With that in mind, he thinks Diamondback deserves a premium valuation to its peers. Jayaram also has an Outperform rating on Viper Energy, Diamondback’s oil and natural gas subsidiary.

An oil facility in Texas. (SHARON STEINMANN/BLOOMBERG)

But some analysts think investors should look outside the U.S. for oil stock plays.

Citi oil analysts wrote in a report Wednesday that they prefer U.K.-based BP and Shell to Exxon Mobil and Chevron. They argued that Exxon has “held up relatively well” as a more defensive oil stock, meaning there is less potential for it to rise. Chevron, meanwhile, has “continued arbitration uncertainty” tied to a legal dispute with Exxon over assets in Guyana partially owned by Exxon and Hess, which Chevron is in the process of acquiring. The Citi analysts still like Houston-based E&P firm ConocoPhillips though.

Still, investors should tread cautiously. Some oil stocks look better than others

Barron’s

But make no mistake. The entire sector stands to benefit because oil prices could continue to drift higher as long as the situation between Israel and Iran remains fraught.

Goldman Sachs commodity analysts noted in a report Wednesday that “oil prices remain sensitive to supply disruption risks.” They said there are concerns about “potential downside risks to Iran supply” as well as the possibility of declines in the flow of oil shipments through the Red Sea and an admittedly unlikely scenario where there is a significant disruption of trade through the Strait of Hormuz.

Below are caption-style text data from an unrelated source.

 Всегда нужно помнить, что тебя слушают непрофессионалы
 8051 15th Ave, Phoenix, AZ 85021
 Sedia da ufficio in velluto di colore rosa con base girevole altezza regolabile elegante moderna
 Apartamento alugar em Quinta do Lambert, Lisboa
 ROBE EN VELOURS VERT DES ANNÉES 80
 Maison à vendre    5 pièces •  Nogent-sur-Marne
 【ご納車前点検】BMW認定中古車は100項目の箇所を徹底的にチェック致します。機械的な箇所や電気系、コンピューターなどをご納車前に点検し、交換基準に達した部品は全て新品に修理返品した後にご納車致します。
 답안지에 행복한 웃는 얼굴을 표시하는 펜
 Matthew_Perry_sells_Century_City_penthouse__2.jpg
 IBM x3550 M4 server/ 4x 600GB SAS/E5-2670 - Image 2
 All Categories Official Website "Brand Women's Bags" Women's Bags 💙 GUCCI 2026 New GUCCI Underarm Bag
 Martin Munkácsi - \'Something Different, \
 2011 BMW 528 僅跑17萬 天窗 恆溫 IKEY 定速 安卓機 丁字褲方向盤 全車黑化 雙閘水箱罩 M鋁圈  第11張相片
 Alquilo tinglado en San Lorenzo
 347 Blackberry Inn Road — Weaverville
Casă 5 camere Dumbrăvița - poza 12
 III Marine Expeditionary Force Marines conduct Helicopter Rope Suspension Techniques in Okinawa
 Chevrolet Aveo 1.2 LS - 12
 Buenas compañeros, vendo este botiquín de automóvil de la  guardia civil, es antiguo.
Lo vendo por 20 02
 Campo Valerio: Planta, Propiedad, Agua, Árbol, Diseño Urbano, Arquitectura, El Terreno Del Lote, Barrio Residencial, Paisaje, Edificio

And despite the recent rally in crude, oil may also have some catching up to do. Analysts at Ned Davis Research noted in a report Tuesday that following a tumble in oil prices in September, crude was the worst performer among commodities in the third quarter, dropping more than 15%. The Ned Davis analysts said oil hadn’t been this oversold relative to other commodities since late 2021 and that this level of underperformance “has historically led to improved relative returns.”


Avi Salzman contributed to this article.